On Failure

This past weekend, I joined a group to participate in the 2013 Global Game Jam – and all things considered, we failed. But that’s a good thing: while our game did not materialize in the way we envisioned, this coding session taught us a number of valuable lessons on how to make games in general, and most importantly, on how to work efficiently given the constraints of such an event.

After taking part in my first game jam last year, I felt like I had it figured out: we ended up with a game called Beach Bully. While not particularly innovative or ambitious in scale, finishing it certainly felt like a success. After 2 long nights, we managed to get it working by Sunday afternoon. We had sound, graphics, and a couple of different levels. Our group even managed to spend some time polishing it, and adding extra features like a score-counter. While I can’t speak for everyone, I certainly entertained the idea that this would be the way each Jam would go. Oh, sweet hubris!

So what was different this time? After an extensive brainstorming session, we refined our initial idea for a few hours on Friday evening, and then started coding, and making graphics, and working on the level design in earnest on Saturday morning. Noon came and went. By early evening, we were still tossing ideas back and forth, however we had nothing playable; nothing even closely resembling a game. Then, we hit a wall as we realized that different parts of the team had been working on divergent sets of assumptions. The game design had run off in one direction, the technical implementation in another. We discussed the problems, we tried to come up with solutions, but ultimately that just wasted even more time. As the clock hit midnight, it became clear that the game we had envisioned was not going to happen on this weekend, no matter what.

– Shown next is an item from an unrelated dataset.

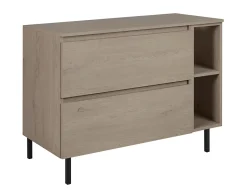 3xE Living Meuble de salle de bain 100 cm (80+20) avec plan de travail supérieur + pieds meuble, Couleur: Chêne Foncé, 100 x 46 x 80,7 cm* Lave-Mains
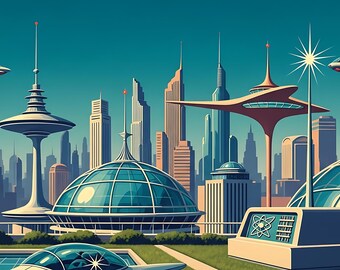 Samsung Frame TV Pictures Retro Future Cities -  Pack 3 - 8 Image Bundle - Futuristic Digital Wall Art TheFrame TV Collection Download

Nonetheless, we put in another sprint on Sunday. Ultimately, we did manage to produce something, but realistically it didn’t satisfy anyone on the team. The parts that were playable weren’t very fun; the theme of the game was muddled, and the design seemed questionable. During our post-mortem discussion, we came up with a number of points that we feel would have made the experience more rewarding, and ultimately more successful. Looking back, we did follow some of these unwittingly during our first game jam; others we had to learn the hard way this time around.

  1. Get playing!
    Get to the point of having something playable as soon as possible. There is no way of knowing if a game idea will work until you can test it, and you just don’t have the luxury of rewriting the core of your game, so get something out there for the whole team to play with. It’s fine if it’s just boxes and circles flying around a black background. Shoot for this by noon of the first day of coding at the latest, and go from there.
  2. Don’t make a game
    Wait…what? Yeah, you heard me right. Unless you are making a Mario clone, or a variation on Tetris, don’t focus on creating a full game. Think of a single mechanic that you think would be fun, and get it to work quickly (see point #1). By the time you are ready, you will have either decided that a) the mechanic isn’t that much fun after all, or b) you’ll have 29 and a half ideas on how to make it even better.
  3. Have a design spec
    While I am usually not a fan of formalizing a design too much, we noticed that as you work with a team of more than a couple of people, there are too many interpretations of how the game should work. None of these are “wrong” per se, but they introduce incompatibilities between the different your code, design, and artwork. At least during the initial phase, after coming up with ideas, sit down for a few minutes and spell things out for everyone – even if it is on a napkin.
  4. Be concise
    This is probably just a personal pet peeve of me, but if you cannot describe your game mechanic in a single picture, it’s probably not going to happen in a weekend. Further, I think you probably need to spend more time to get to the core of what makes the game a game. Try to explain your idea to someone who wasn’t part of your team’s design discussions that way, and you’ll see.

That being said, I am in the process of evaluating a number of game authoring tools for the next Ludum Dare in April, where I will be able to put all of these rules to test. Wish me luck!